Theseus'un Troizen köyünde doğumundan sonra Aigeus, yeğenleri Pallasoğulları'nın intikamından korktuğu için çocuğunu Atina'ya götürmemişti. Troizen'den ayrılırken, büyük bir kayanın altına kılıcını ve sandaletlerini gizlemiş ve karısı Aithra'ya çocuğu bu nesneleri kayanın altından tek başına çıkartacak kadar büyüyene ve güçlenene kadar köyde tutmasını söylemişti. Ancak bu işi başardıktan sonra Theseus'un Atina'ya babasının yanına gitmeye izni olacaktı.

Theseus on altı yaşına geldiğinde güçlü kuvvetli bir delikanlı oldu. Annesi Aithra da onu kayanın yanına götürdü. Delikanlı kayayı kolayca kaldırıp babasının eşyalarını aldı. Bu görevi başardıktan sonra aldığı talimat uyarınca Atina'ya gitmeye karar verdi. Aithra onun deniz yoluyla gitmesini istiyorsa da, Theseus haydutlar, yolkesenler ve vahşi hayvanlarla dolu tehlikeli kara yolunu seçti.

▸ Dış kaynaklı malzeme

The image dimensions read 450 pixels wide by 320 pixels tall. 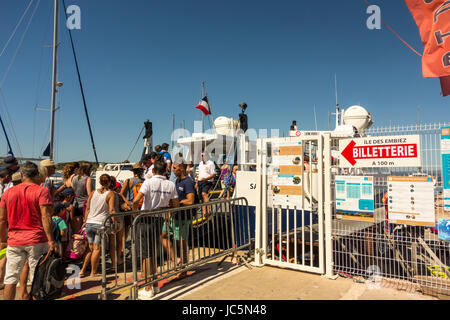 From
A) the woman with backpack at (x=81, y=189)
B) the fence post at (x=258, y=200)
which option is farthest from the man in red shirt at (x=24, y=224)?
the fence post at (x=258, y=200)

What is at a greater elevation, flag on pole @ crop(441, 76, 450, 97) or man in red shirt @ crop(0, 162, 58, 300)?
flag on pole @ crop(441, 76, 450, 97)

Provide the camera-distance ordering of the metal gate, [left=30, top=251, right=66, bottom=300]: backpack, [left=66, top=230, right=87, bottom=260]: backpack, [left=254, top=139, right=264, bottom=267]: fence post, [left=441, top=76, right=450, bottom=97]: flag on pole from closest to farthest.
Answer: [left=30, top=251, right=66, bottom=300]: backpack → [left=441, top=76, right=450, bottom=97]: flag on pole → the metal gate → [left=254, top=139, right=264, bottom=267]: fence post → [left=66, top=230, right=87, bottom=260]: backpack

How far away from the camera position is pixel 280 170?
4.88m

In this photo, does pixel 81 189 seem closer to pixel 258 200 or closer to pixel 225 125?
pixel 258 200

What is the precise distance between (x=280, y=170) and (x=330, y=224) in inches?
44.4

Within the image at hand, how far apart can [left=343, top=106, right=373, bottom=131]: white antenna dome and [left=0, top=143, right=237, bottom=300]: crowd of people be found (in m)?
9.64

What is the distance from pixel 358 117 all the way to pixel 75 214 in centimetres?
1164

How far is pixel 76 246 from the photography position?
17.8ft

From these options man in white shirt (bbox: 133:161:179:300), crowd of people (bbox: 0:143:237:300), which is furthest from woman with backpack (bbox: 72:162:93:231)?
man in white shirt (bbox: 133:161:179:300)

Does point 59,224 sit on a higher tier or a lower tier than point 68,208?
lower

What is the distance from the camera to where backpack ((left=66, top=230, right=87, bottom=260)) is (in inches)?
213

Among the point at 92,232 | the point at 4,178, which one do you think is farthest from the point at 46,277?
the point at 4,178

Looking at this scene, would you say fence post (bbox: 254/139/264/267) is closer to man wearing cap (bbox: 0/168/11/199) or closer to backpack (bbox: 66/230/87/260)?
backpack (bbox: 66/230/87/260)

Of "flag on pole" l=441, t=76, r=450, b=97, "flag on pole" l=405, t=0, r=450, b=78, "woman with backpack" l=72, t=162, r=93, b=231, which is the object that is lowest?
"woman with backpack" l=72, t=162, r=93, b=231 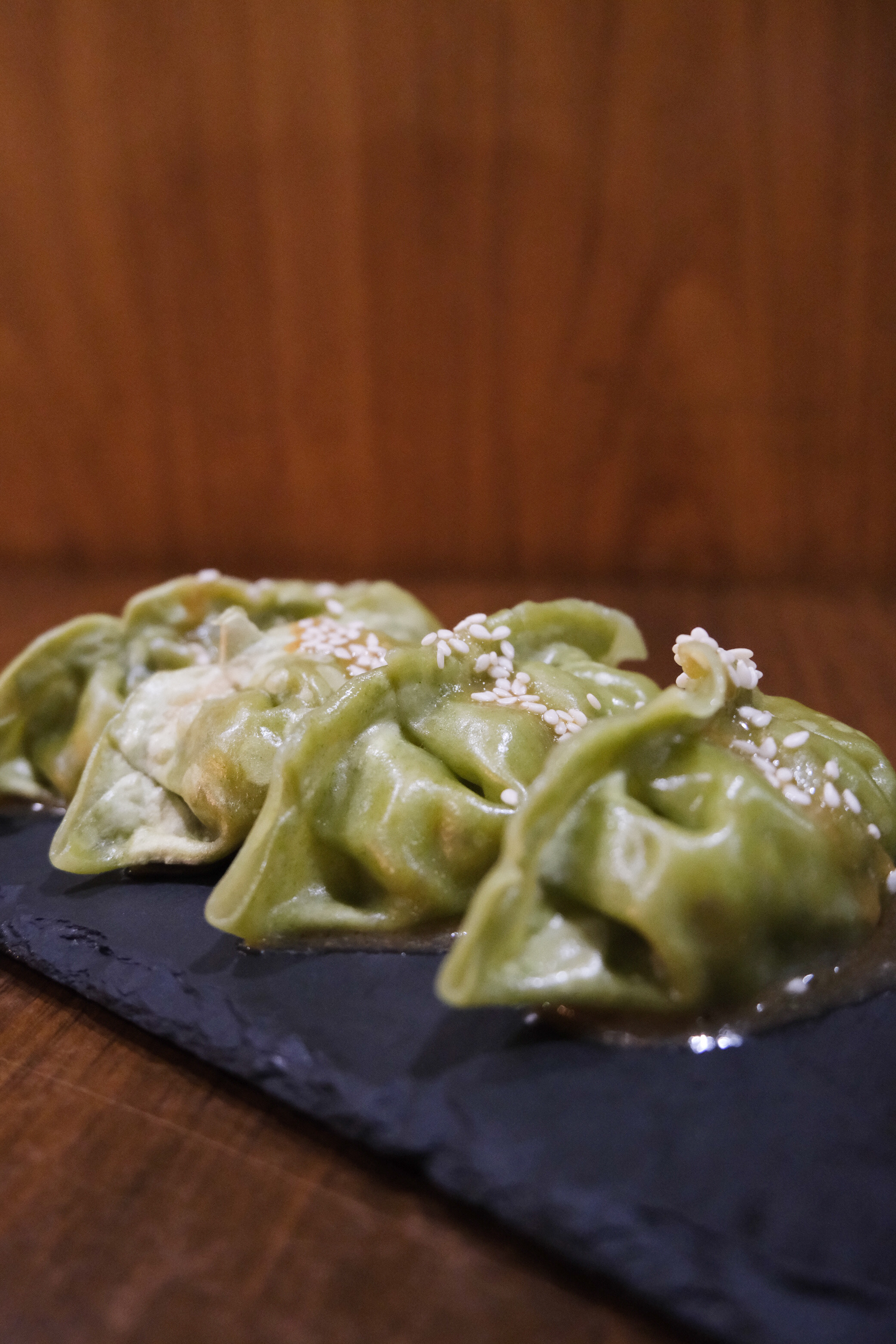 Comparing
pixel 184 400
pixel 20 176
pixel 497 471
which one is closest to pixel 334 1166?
pixel 497 471

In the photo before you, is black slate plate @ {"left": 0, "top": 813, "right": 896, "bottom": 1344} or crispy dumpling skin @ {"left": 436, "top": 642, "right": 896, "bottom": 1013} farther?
crispy dumpling skin @ {"left": 436, "top": 642, "right": 896, "bottom": 1013}

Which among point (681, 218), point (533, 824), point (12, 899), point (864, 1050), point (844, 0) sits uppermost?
point (844, 0)

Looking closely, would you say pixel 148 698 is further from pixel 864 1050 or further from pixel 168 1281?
pixel 864 1050

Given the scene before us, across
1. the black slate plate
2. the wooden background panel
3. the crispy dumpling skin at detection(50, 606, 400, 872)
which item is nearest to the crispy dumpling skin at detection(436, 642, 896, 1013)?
the black slate plate

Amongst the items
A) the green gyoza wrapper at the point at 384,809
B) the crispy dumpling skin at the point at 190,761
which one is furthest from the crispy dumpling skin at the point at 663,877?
the crispy dumpling skin at the point at 190,761

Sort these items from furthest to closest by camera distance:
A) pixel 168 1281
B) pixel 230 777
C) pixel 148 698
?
pixel 148 698 → pixel 230 777 → pixel 168 1281

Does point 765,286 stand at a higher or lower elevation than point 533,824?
higher

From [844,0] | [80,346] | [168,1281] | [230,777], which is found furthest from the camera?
[80,346]

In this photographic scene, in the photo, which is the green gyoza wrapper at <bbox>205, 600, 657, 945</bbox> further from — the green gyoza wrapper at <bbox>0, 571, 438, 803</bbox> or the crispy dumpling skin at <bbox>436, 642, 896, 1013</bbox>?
the green gyoza wrapper at <bbox>0, 571, 438, 803</bbox> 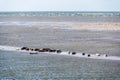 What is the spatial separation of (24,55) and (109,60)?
8.86 metres

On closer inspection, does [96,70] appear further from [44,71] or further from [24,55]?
[24,55]

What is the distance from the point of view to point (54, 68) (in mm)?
36938

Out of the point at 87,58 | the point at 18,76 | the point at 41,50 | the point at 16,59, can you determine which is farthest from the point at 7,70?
the point at 41,50

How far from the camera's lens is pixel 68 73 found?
34.8 meters

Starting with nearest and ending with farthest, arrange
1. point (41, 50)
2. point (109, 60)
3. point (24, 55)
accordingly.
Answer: point (109, 60) < point (24, 55) < point (41, 50)

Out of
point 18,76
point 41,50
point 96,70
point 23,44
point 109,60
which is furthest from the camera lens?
point 23,44

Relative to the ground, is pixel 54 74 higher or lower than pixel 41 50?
higher

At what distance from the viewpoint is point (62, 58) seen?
4241cm

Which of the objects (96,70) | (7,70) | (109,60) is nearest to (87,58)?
(109,60)

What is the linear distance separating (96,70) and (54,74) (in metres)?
3.80

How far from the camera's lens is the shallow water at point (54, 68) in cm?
3325

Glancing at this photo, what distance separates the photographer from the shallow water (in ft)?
109

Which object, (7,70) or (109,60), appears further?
(109,60)

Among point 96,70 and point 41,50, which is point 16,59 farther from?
point 96,70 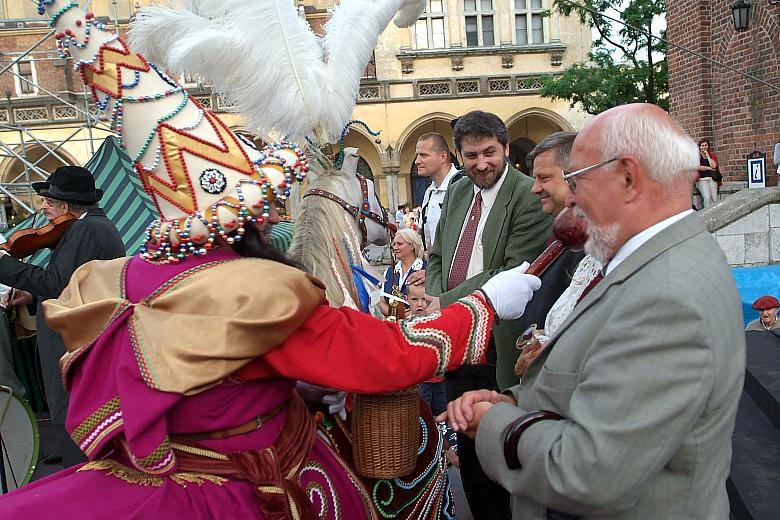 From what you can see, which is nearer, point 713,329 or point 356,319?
point 713,329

Beklenildiği gibi yol boyunca pek çok tehlikeyle karşılaştı ve hepsinin üstesinden geldi. Büyük gücünü ve kurnazlığını kullanan Theseus, başka kahramanlıkların yanı sıra Periphates'i öldürüp onun gürzünü elinden aldı, eşkıya Skiron'u yenerek denize attı, kötü yürekli Prokrustes'i öldürdü, "Crommion'un vahşi dişi domuzu"nu imha etti.


(Solda) Theseus, Minotauros'a bu göz kamaştırıcı labirentin ortasında öldürücü darbeyi vurmaya hazırlanıyor. Salzburg yakınlarında bir Roma villasından mozaik, 400 yılları civarı. (Sağda) İÖ yaklaşık 500-413 yıllarına ait Knossos'tan gümüş bir sikkede koşan Minatauros, efsane ile süregelen ilişkiyi gösteriyor.

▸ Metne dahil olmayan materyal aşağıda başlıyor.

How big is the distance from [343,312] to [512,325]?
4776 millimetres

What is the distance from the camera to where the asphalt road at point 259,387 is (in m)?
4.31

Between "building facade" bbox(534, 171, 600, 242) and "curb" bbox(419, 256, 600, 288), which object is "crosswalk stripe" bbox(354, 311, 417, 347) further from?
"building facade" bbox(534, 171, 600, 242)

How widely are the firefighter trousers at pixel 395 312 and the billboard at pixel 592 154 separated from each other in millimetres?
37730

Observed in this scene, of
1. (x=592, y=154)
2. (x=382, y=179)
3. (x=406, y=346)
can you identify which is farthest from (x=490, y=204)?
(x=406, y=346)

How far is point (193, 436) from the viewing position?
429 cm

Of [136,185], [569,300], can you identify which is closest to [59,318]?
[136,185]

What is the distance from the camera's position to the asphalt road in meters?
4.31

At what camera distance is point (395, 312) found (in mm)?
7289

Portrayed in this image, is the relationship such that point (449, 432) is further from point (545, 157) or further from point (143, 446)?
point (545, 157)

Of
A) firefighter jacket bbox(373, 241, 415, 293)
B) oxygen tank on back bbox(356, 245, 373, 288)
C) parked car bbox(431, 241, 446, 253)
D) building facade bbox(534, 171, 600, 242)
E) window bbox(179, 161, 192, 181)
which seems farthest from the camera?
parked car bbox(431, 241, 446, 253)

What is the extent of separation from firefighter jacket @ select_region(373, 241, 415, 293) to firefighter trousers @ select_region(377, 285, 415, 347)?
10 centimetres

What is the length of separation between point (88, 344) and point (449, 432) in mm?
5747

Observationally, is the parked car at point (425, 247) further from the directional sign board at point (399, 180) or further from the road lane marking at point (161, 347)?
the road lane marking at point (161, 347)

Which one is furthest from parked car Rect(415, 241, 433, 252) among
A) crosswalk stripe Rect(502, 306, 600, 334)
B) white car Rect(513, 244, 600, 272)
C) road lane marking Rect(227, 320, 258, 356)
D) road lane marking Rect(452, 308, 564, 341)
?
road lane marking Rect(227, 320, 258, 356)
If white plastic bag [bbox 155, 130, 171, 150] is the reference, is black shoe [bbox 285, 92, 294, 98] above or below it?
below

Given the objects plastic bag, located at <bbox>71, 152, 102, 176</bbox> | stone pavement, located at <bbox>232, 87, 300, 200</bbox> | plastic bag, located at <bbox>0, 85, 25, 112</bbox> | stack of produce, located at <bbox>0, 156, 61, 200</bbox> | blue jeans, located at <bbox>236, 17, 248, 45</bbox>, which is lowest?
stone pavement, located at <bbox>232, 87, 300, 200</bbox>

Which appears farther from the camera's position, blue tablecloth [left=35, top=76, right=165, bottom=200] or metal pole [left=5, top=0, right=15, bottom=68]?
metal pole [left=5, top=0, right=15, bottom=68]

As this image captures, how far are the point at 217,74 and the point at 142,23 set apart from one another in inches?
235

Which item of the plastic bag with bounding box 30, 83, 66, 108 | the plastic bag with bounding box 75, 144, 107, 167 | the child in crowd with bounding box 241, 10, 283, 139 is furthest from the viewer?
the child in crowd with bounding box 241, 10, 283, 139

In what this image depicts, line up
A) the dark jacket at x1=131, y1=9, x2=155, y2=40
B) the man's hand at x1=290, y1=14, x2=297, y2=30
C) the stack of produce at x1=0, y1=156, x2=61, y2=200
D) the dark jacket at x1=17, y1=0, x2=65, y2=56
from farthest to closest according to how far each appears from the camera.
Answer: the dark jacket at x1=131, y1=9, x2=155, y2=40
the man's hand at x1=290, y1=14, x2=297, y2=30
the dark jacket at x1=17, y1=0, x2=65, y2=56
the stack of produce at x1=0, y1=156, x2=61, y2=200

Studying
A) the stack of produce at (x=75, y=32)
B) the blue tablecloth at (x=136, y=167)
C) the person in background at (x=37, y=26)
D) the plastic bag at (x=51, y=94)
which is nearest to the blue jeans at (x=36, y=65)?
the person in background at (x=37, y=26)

ATİNA'NIN KAN BEDELİ: MİNOTAUROS'U BESLEMEK

Theseus, Atina'ya geldiğinde ülkesine çöken büyük bir felaketle karşılaştı. Uzun yıllar önce -Apollodoros, Troya Savaşı'ndan üç kuşak önce der- Girit Kralı Minos'un oğlu Androgeas, Atina'ya karşı bir savaşta öldürülmüştü. Kral Minos öfkesi ve yası için kan parası istedi ve Atinalılar da Girit'le daha büyük bir çatışmaya girmemek için bunu kabul ettiler. Her yıl (efsanenin bazı anlatımlarında dokuz yılda bir kere) Atinalı yedi genç erkek ve yedi genç kız Girit'e götürülecekler ve burada yarı insan yarı boğa Minotauros'a yem olmak üzere verilecekler ve o da onları Labyrenthos (labirent) hapishanesinde öldürecekti.



Knossos Sarayı'ndaki bu duvar resminde bir törende genç cambazlar ve saldıran boğa. Bu tür uygulamalar Atina gençlerinin Minotauros'a kurban edilmeleri hikâyesinin temeli olabilir mi?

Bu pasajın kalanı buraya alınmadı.